--- To do ---
Your answer must match, word for word, the lines from the one holding "image for item" through the final line below, with pictures excluded.

(Records shown Opens)

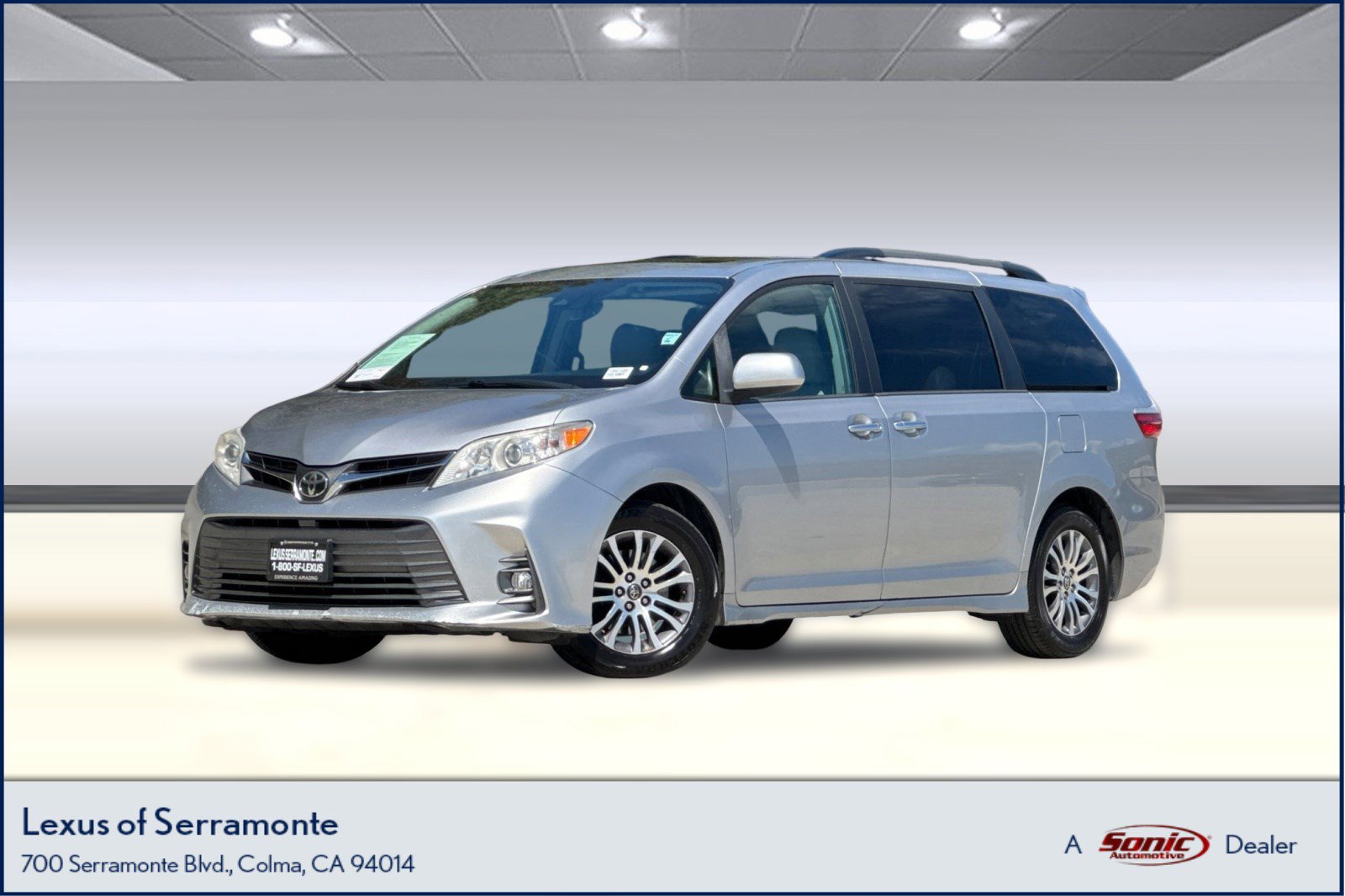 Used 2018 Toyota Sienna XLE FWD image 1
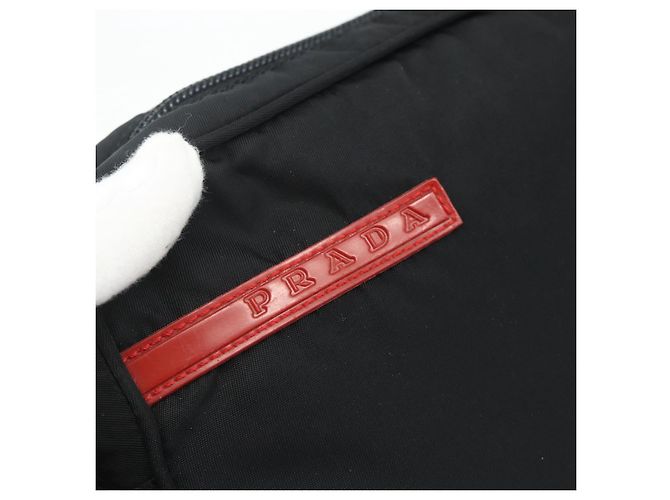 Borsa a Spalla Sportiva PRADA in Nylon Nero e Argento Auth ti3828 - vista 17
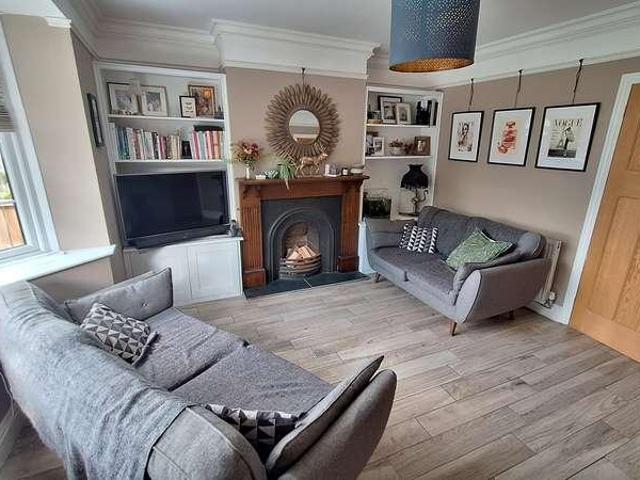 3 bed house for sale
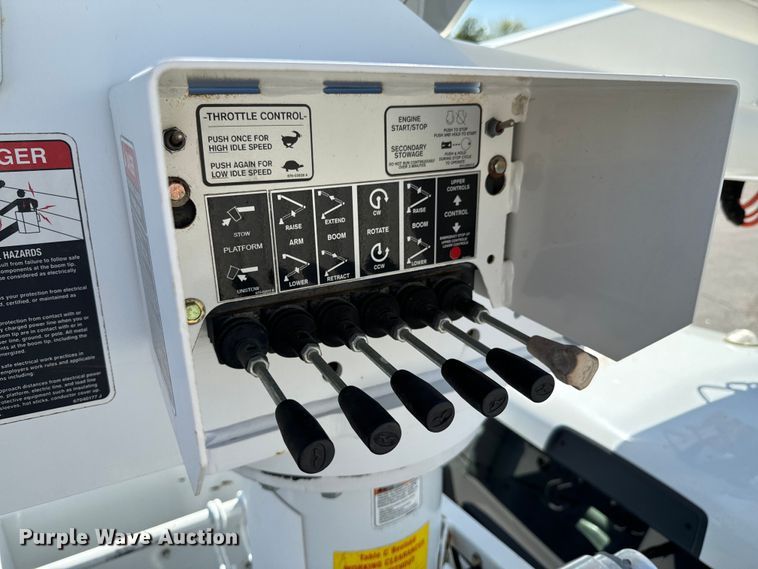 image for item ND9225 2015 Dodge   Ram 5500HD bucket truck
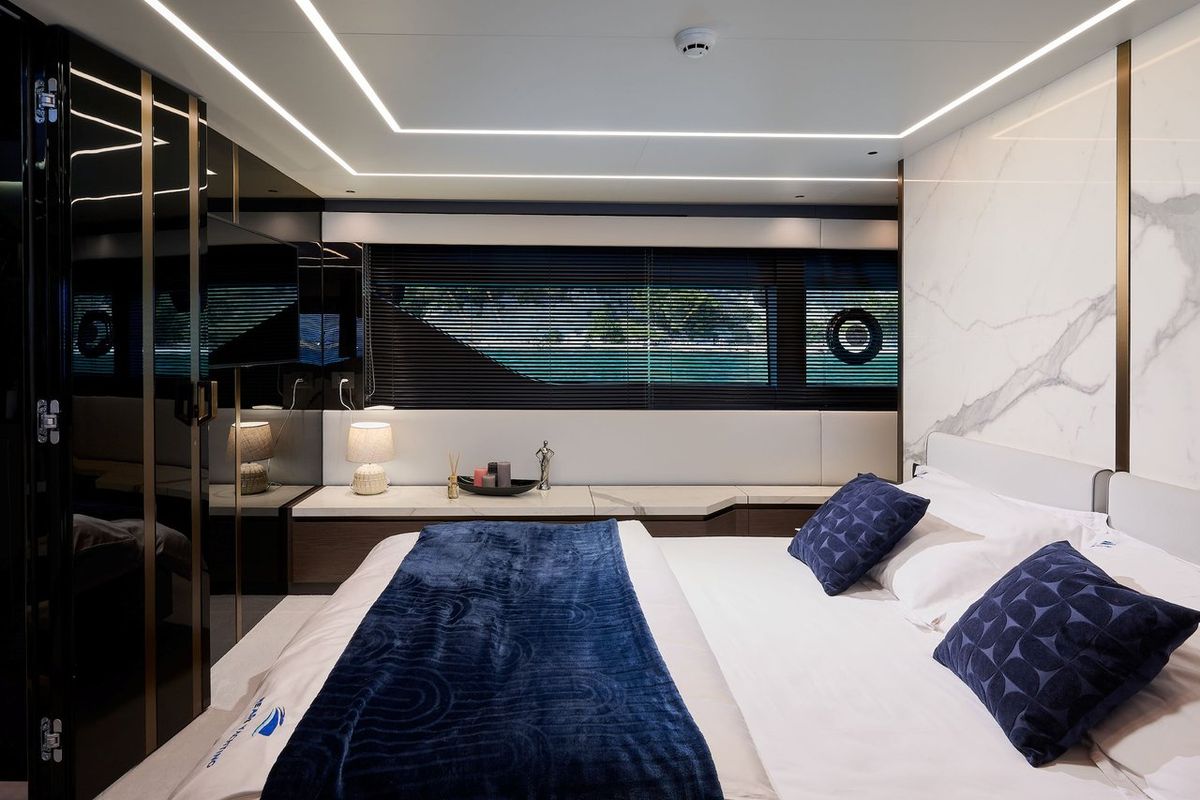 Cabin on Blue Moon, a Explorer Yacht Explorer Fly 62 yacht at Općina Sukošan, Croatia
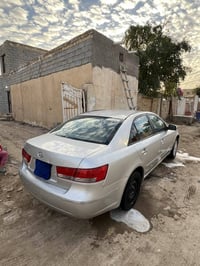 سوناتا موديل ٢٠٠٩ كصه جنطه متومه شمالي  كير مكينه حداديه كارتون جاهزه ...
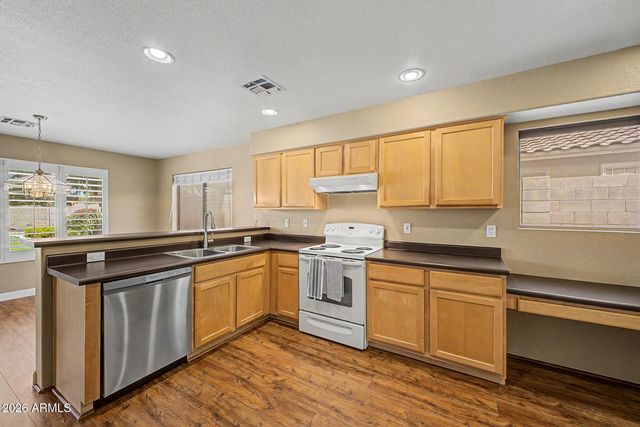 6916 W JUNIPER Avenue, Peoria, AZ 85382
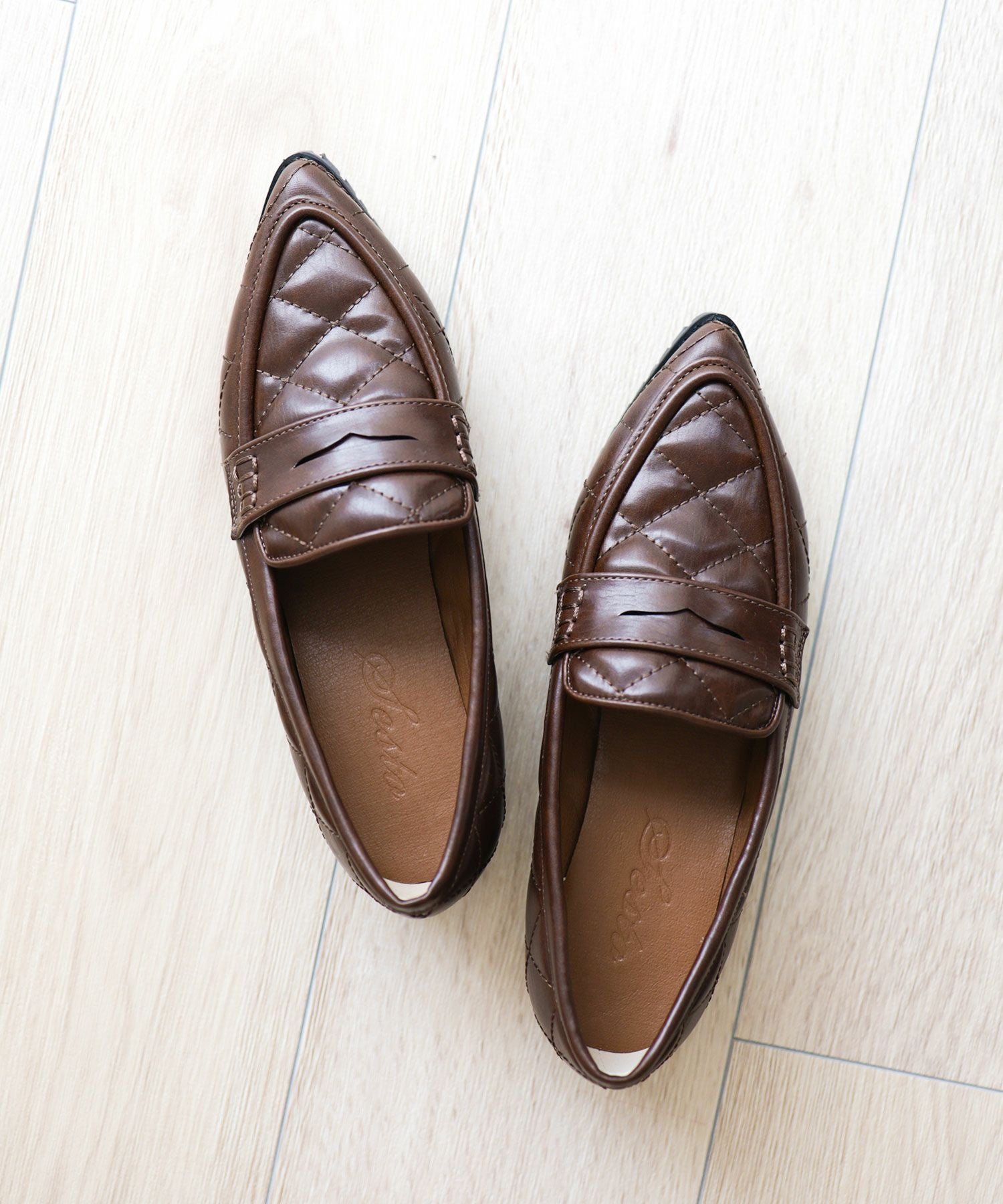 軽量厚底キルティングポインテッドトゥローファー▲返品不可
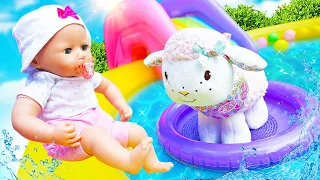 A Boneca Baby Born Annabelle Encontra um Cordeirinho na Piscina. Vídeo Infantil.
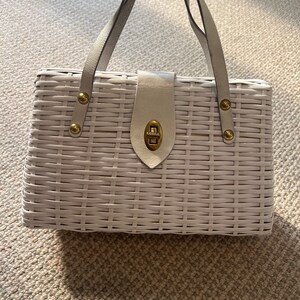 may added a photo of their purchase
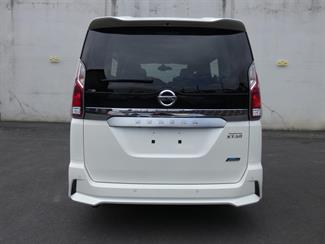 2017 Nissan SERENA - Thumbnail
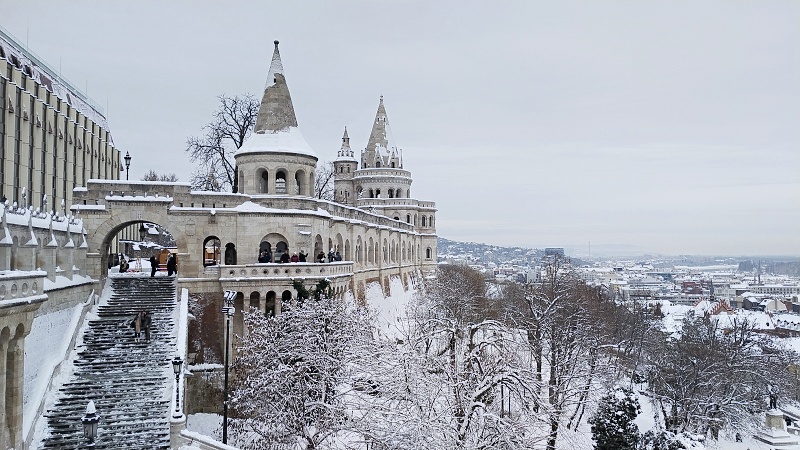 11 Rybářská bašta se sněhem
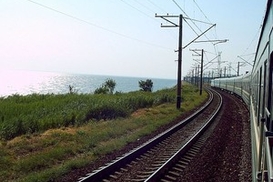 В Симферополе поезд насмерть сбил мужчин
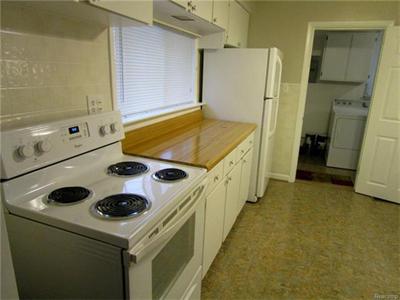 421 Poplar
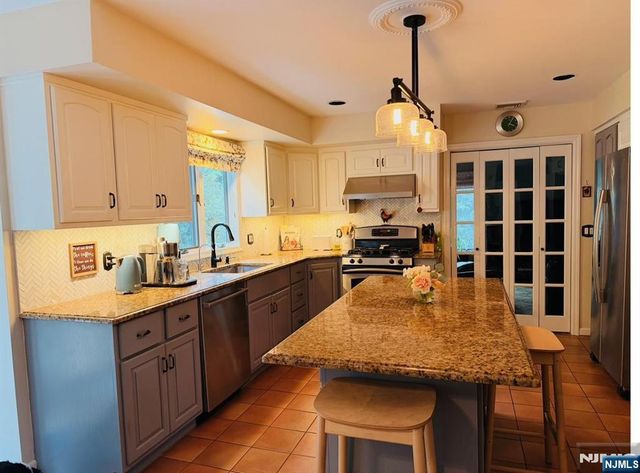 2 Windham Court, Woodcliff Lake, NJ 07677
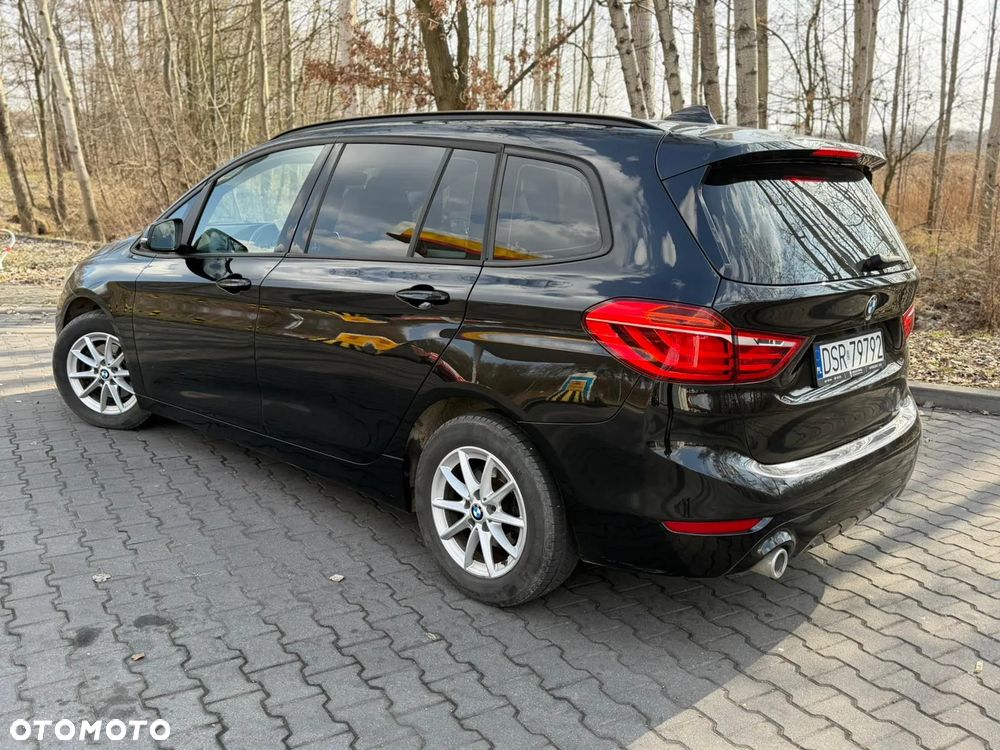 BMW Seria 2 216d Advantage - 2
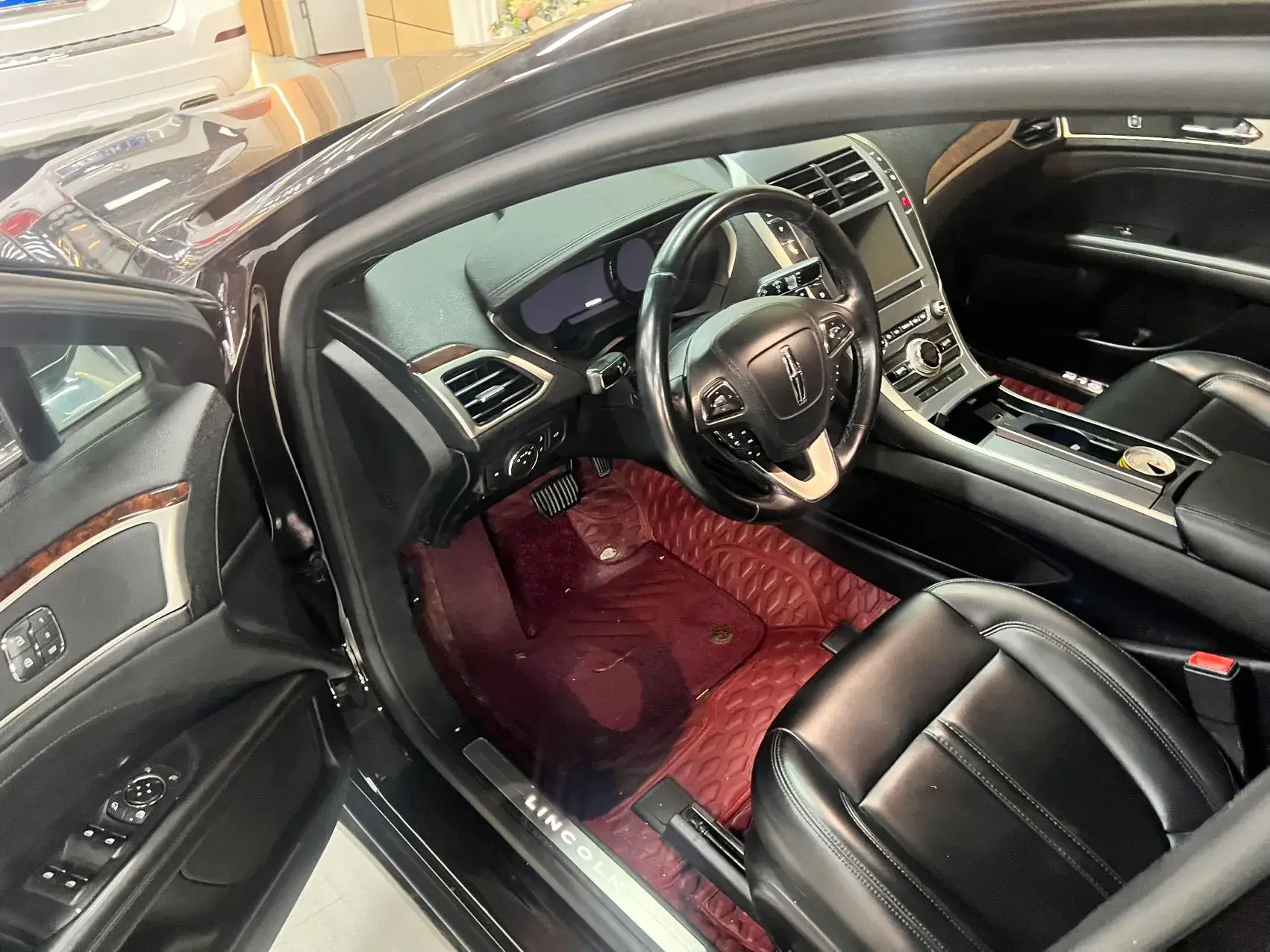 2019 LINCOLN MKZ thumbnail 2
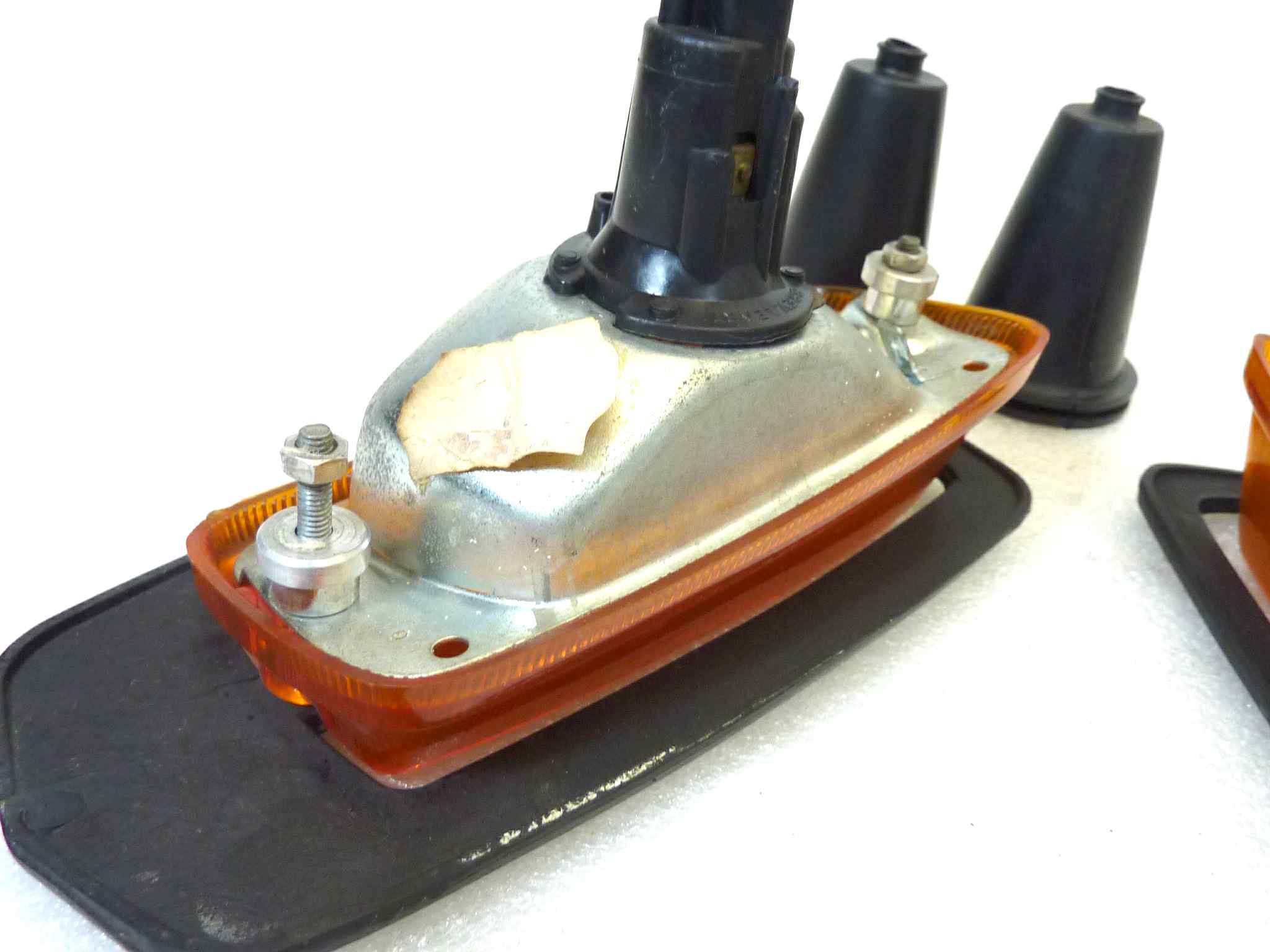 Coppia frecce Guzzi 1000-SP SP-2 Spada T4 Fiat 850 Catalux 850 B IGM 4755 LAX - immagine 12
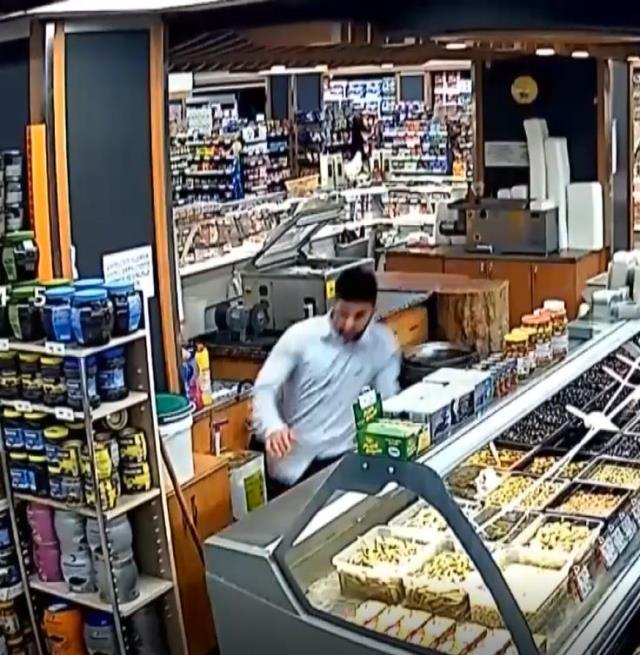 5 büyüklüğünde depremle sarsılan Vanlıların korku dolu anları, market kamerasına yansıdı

(Records shown Closes)

--- Output for this exercise ---
 image for item ND9225 2015 Dodge   Ram 5500HD bucket truck
 Cabin on Blue Moon, a Explorer Yacht Explorer Fly 62 yacht at Općina Sukošan, Croatia
 سوناتا موديل ٢٠٠٩ كصه جنطه متومه شمالي  كير مكينه حداديه كارتون جاهزه ...
 6916 W JUNIPER Avenue, Peoria, AZ 85382
 軽量厚底キルティングポインテッドトゥローファー▲返品不可
 A Boneca Baby Born Annabelle Encontra um Cordeirinho na Piscina. Vídeo Infantil.
 may added a photo of their purchase
 2017 Nissan SERENA - Thumbnail
 11 Rybářská bašta se sněhem
 В Симферополе поезд насмерть сбил мужчин
 421 Poplar
 2 Windham Court, Woodcliff Lake, NJ 07677
 BMW Seria 2 216d Advantage - 2
 2019 LINCOLN MKZ thumbnail 2
 Coppia frecce Guzzi 1000-SP SP-2 Spada T4 Fiat 850 Catalux 850 B IGM 4755 LAX - immagine 12
 5 büyüklüğünde depremle sarsılan Vanlıların korku dolu anları, market kamerasına yansıdı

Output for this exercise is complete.